Collected data:

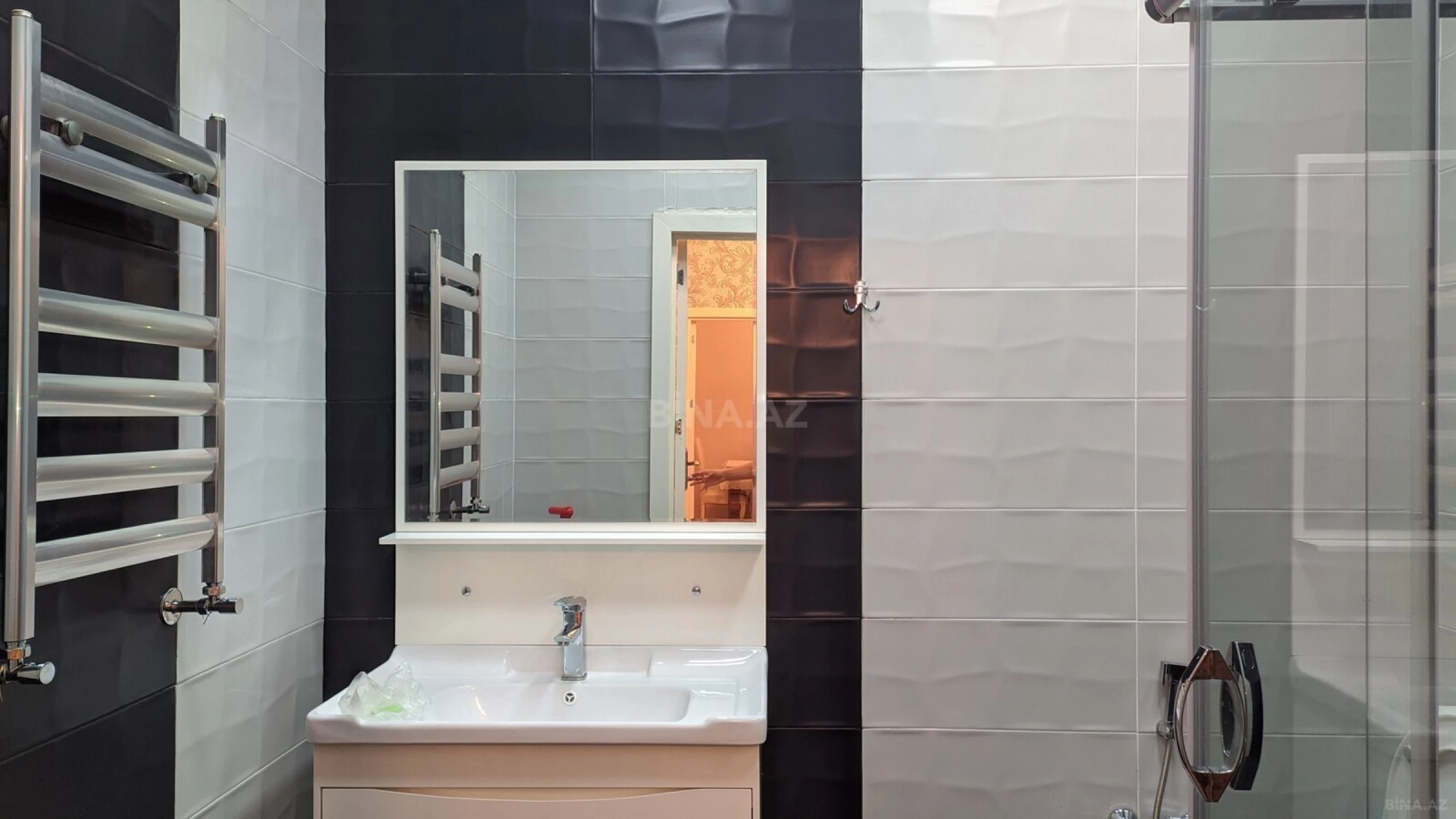 Kirayə verilir 2 otaqlı mənzil 81.2 m²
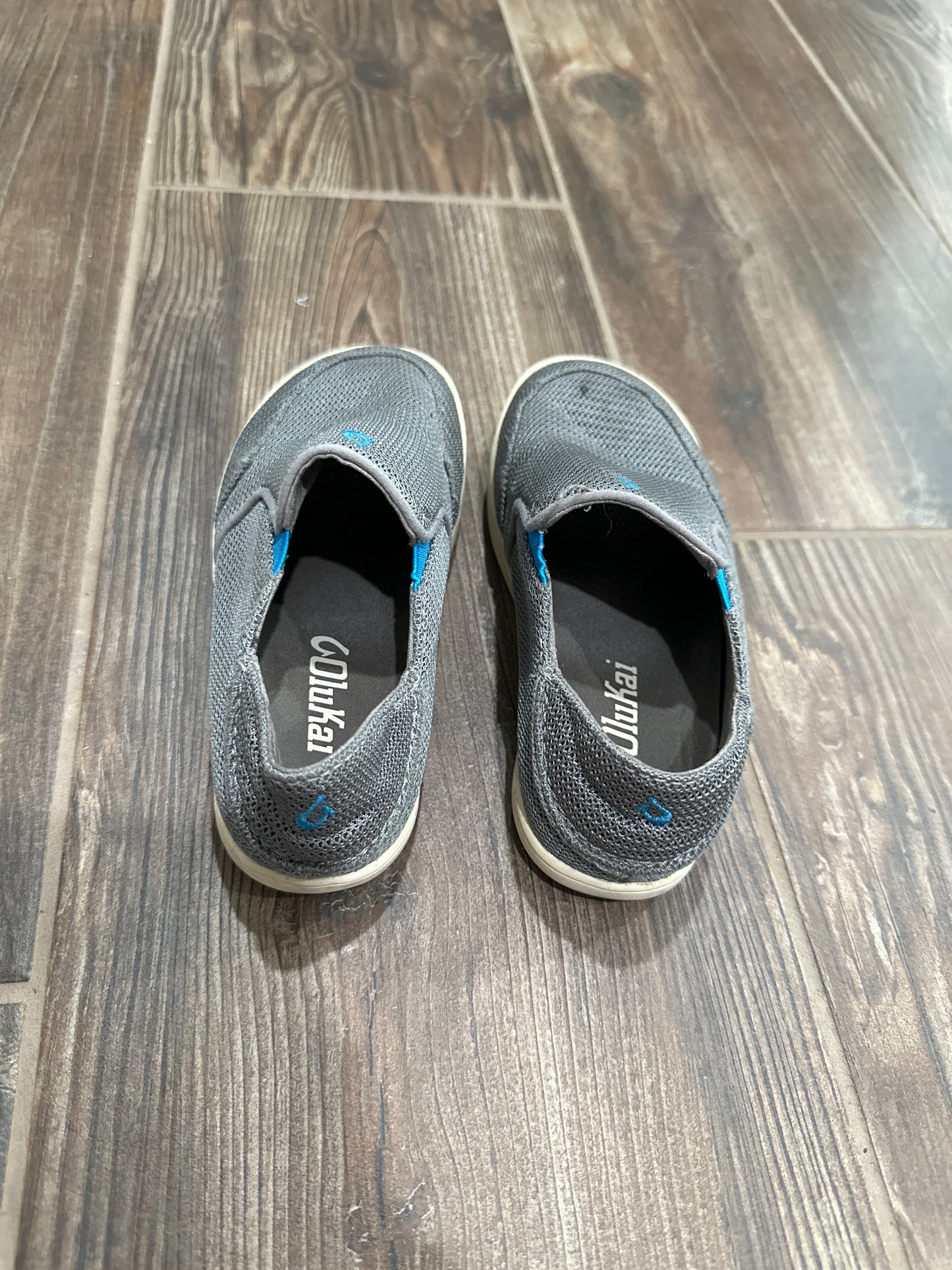 Boys Size 11 Toddler Olukai Grey Slip On Shoes - Play Condition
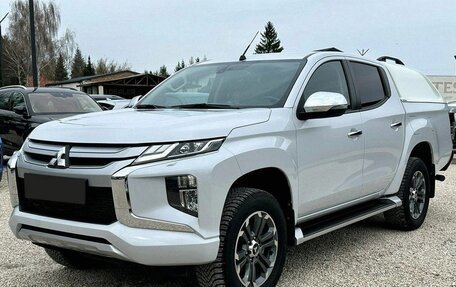 Mitsubishi L200 IV рестайлинг, 2021 год, 2 786 000 рублей, 8 фотография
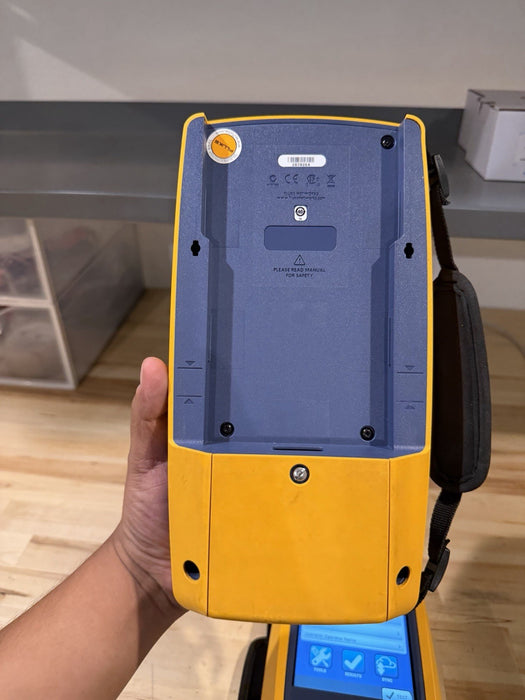 FLUKE NETWORKS VERSIV MAINFRAME & REMOTE WITH CHARGER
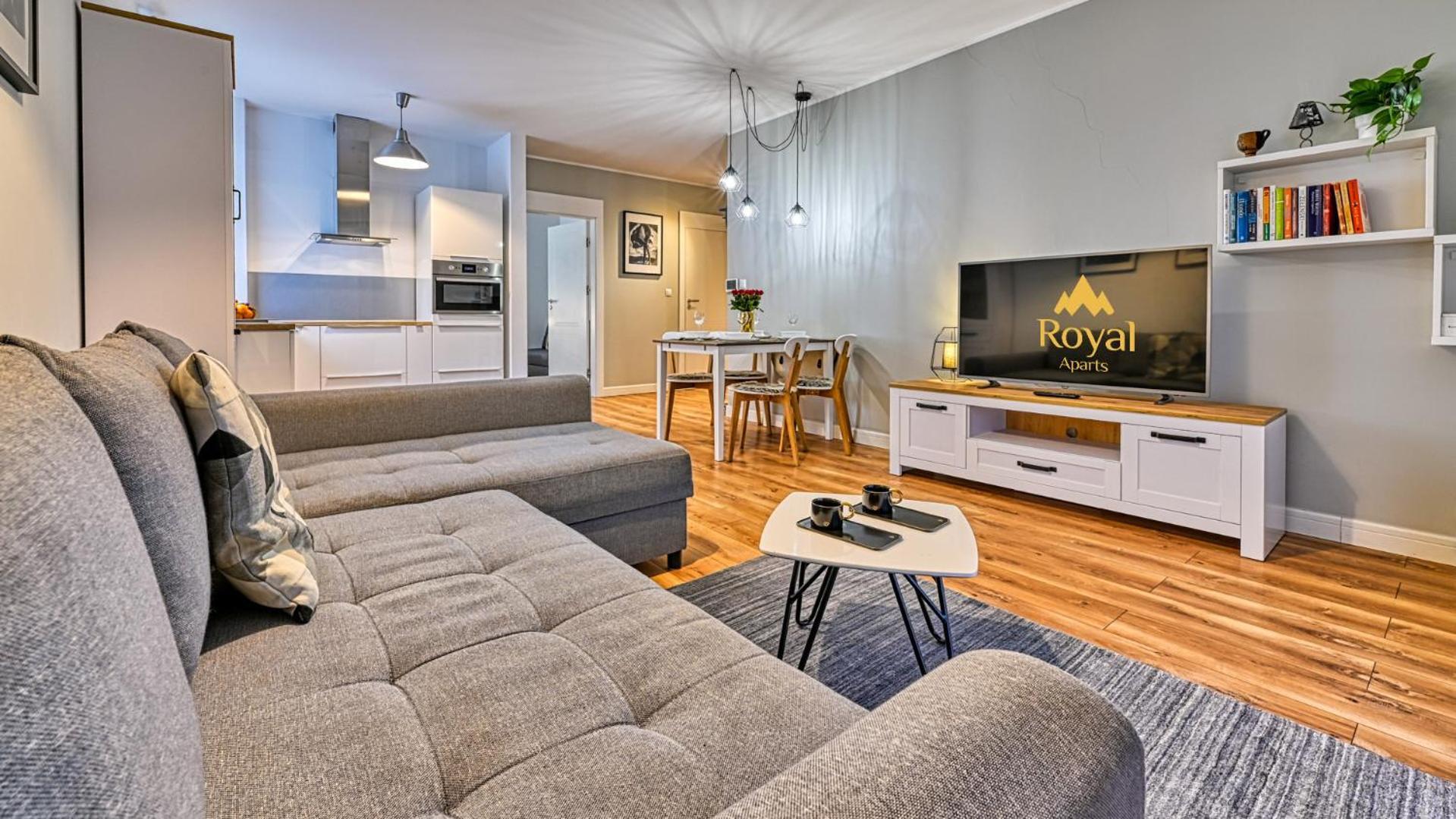 Piano By Royal Aparts Apartment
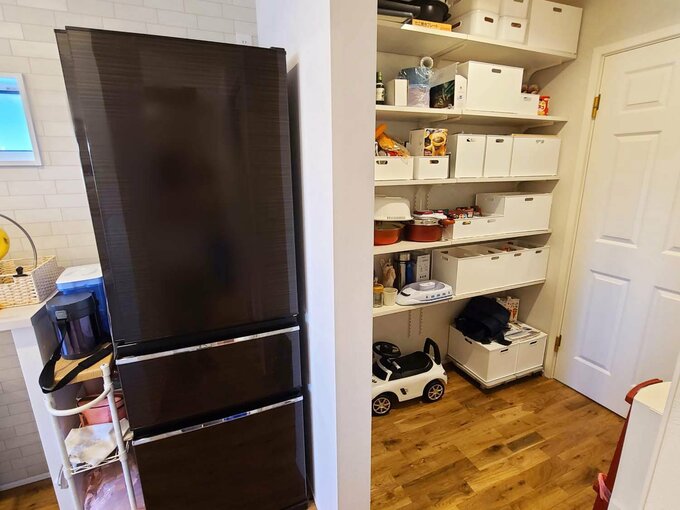 冷蔵庫とパントリー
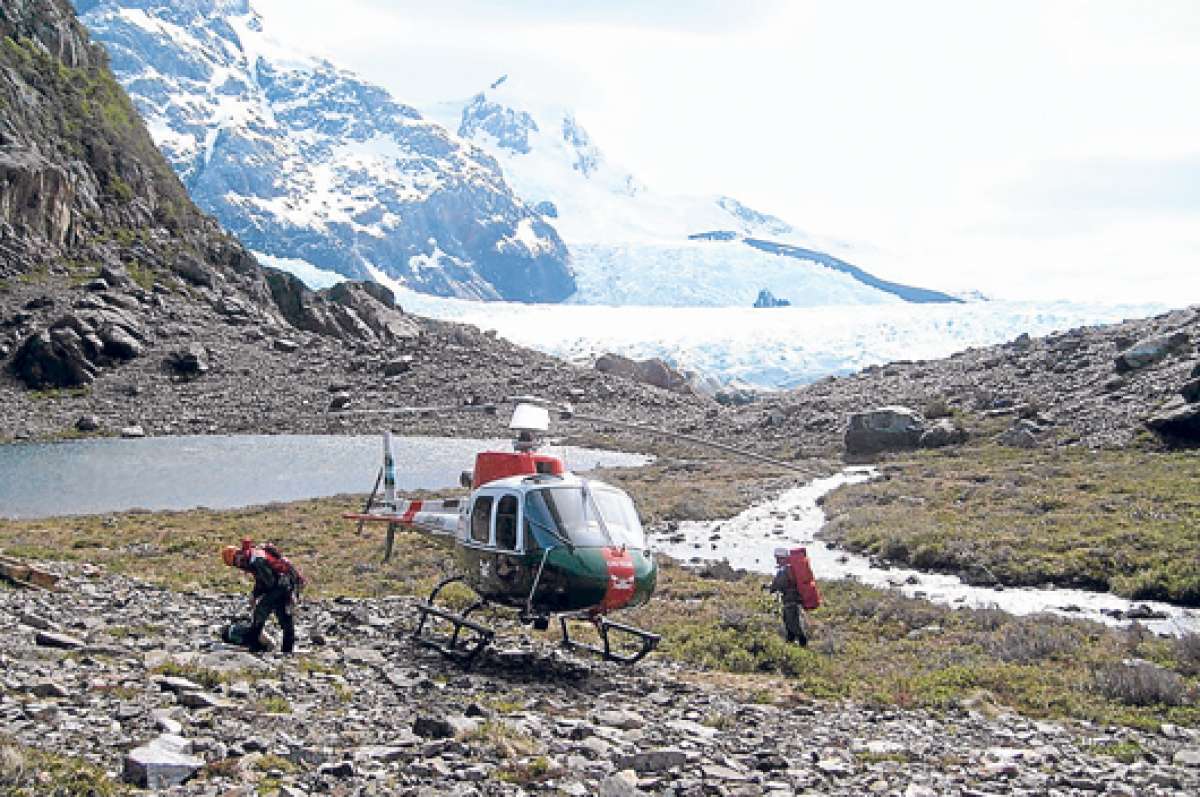 Un helic&oacute;ptero del Pelot&oacute;n de Alta Monta&ntilde;a fue utilizado para la b&uacute;squeda de los 6 cuerpos. Las v&iacute;ctimas, seg&uacute;n la fiscal&iacute;a, ten&iacute;an entre 27 y 47 a&ntilde;os. Foto: www.panoramio.comn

## Task brief:
Your reply should consist only of the lines running from the line with "Mitsubishi L200 IV" to the end of the entries, both included, copied exactly and without any pictures.

## Response:
 Mitsubishi L200 IV рестайлинг, 2021 год, 2 786 000 рублей, 8 фотография
 FLUKE NETWORKS VERSIV MAINFRAME & REMOTE WITH CHARGER
 Piano By Royal Aparts Apartment
 冷蔵庫とパントリー
 Un helic&oacute;ptero del Pelot&oacute;n de Alta Monta&ntilde;a fue utilizado para la b&uacute;squeda de los 6 cuerpos. Las v&iacute;ctimas, seg&uacute;n la fiscal&iacute;a, ten&iacute;an entre 27 y 47 a&ntilde;os. Foto: www.panoramio.comn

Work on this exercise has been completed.